Let $B :=\{x\in E : p(x) < 1\}$ be the open unit ball for $p$. For $t > 0$ we have
$$
tB = \{x\in E : p(x) < t\}
$$
(by the semi-norm property $p(\lambda x) = |\lambda| p(x)$). Hence, if $x \in E$ we can choose $t > p(x)$ and then we have $x \in tB$. This means
$$
E= \bigcup_{t>0} tB,
$$
that is $B$ is absorbing. Moreover $B$ is convex, since it is a ball with respect to a semi-norm. Now also its closure $\overline{B}$ is convex and absorbing. It is known that a closed, convex and absorbing subset of a Banach space has $0$ as an inner point, that is there is a closed norm-ball $K=K(0,r)$ with $K \subseteq \overline{B}$.

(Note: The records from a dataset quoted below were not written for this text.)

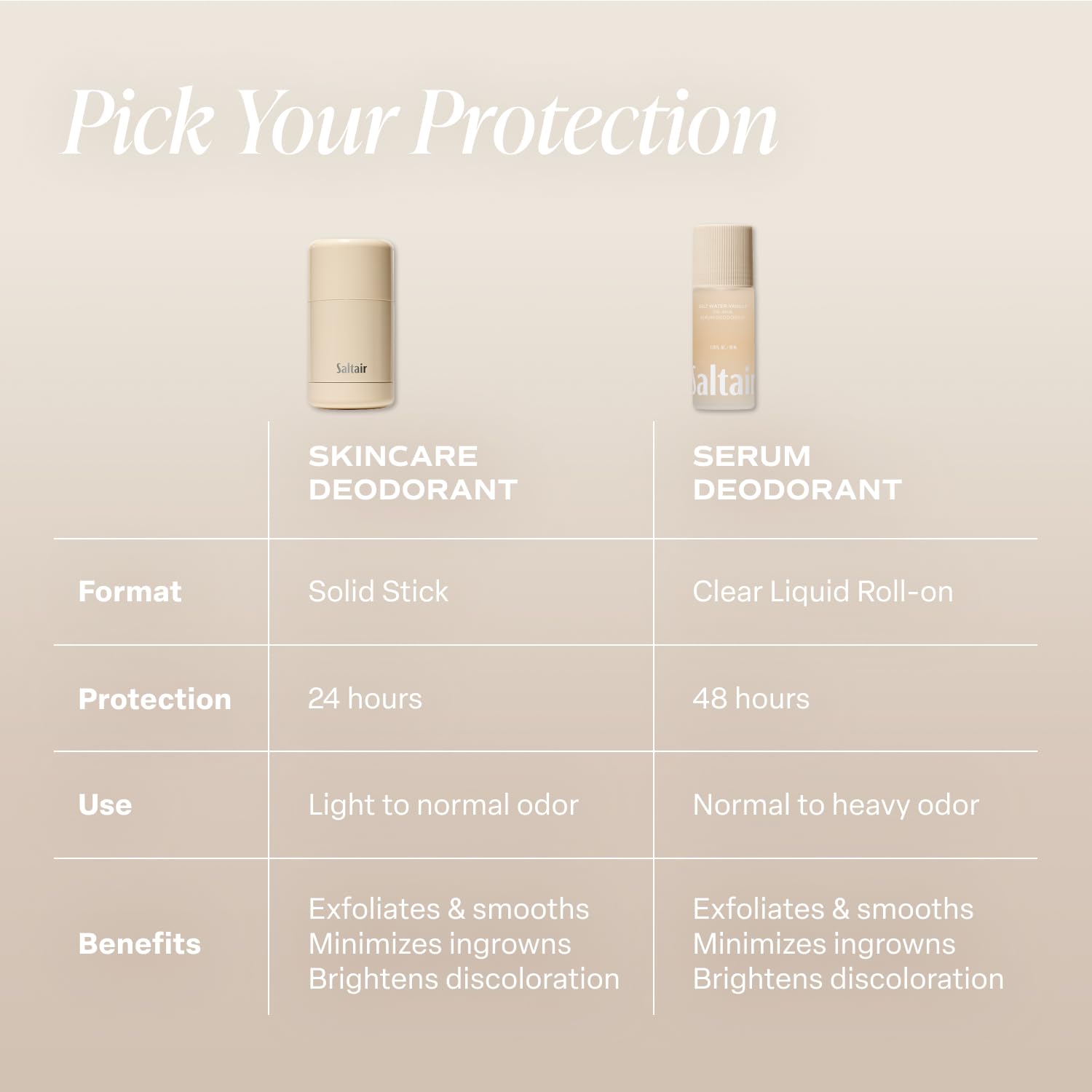 Saltair Serum Deodorant close-up label highlights aluminum-free formula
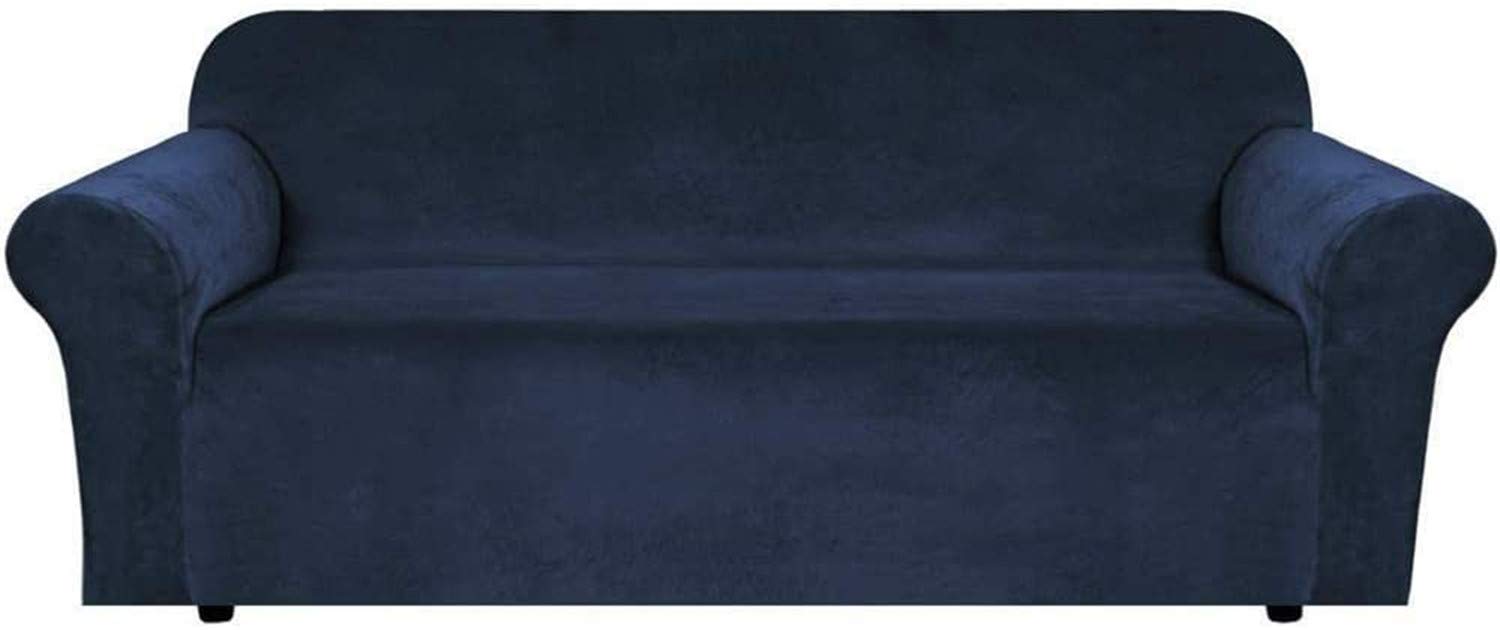 Housse de canapé extensible en velours bleu marine pour salon 4 places
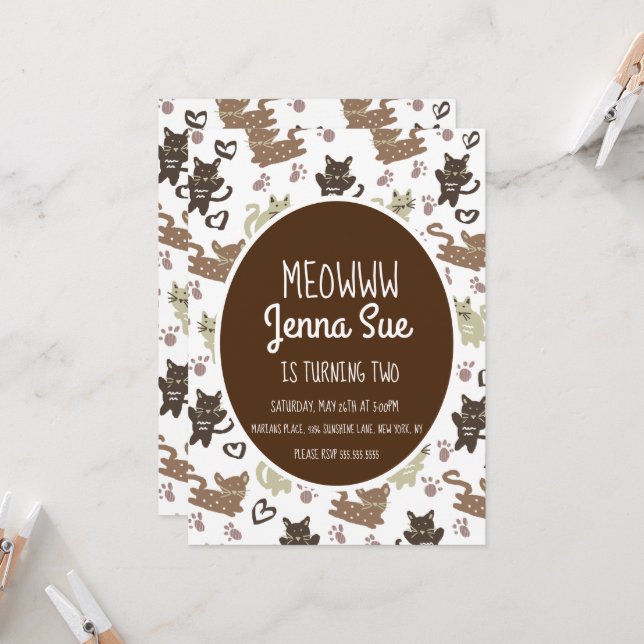 Convite de Aniversário de Gatinho Fofo para Pet (Frente/Verso In Situ)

Now it is sufficient to find a number $s>0$ such that $p(x) \le s$ if $\|x\| \le r$, since then
$$
\forall x \in E: ~ p(x) \le \frac{s}{r}\|x\|.
$$
We fix $x \in K$. Since then $x \in \overline{B}$, we find some $x_1$ in $B$
such that $\|x − x_1\| \le r/2$. Now
$$
x − x_1 \in \frac{1}{2} K ⊆ \frac{1}{2}\overline{B}= \overline{2^{-1}B},
$$
and we find some $x_2$ in $2^{-1}B$ such that $\|x − x_1 − x_2\| \le r/2^2$. Next, we find $x_3$ in $2^{-2}B$ such that $\|x − x_1 − x_2 − x_3\| \le r/2^3$, and by induction there is a sequence $(x_n)$ such that
$$
x_n \in 2^{−n+1}B, \quad \|x − \sum_{j=1}^n x_j \| \le \frac{r}{2^n},
$$
for each $n \in \mathbb{N}$. It follows that $p(x_n) < 2^{-n+1}$ for each $n$ and that
$$
x = \sum_{n=1}^\infty x_n.
$$
The $\sigma$-subadditivity of $p$ yields
$$
p(x) = p(\sum_{n=1}^\infty x_n) \le \sum_{n=1}^\infty p(x_n) < \sum_{n=1}^\infty 2^{-n+1} =2.
$$
Thus we can choose $s=2$ and have $\forall x \in E: ~ p(x) \le \frac{2}{r}\|x\|$.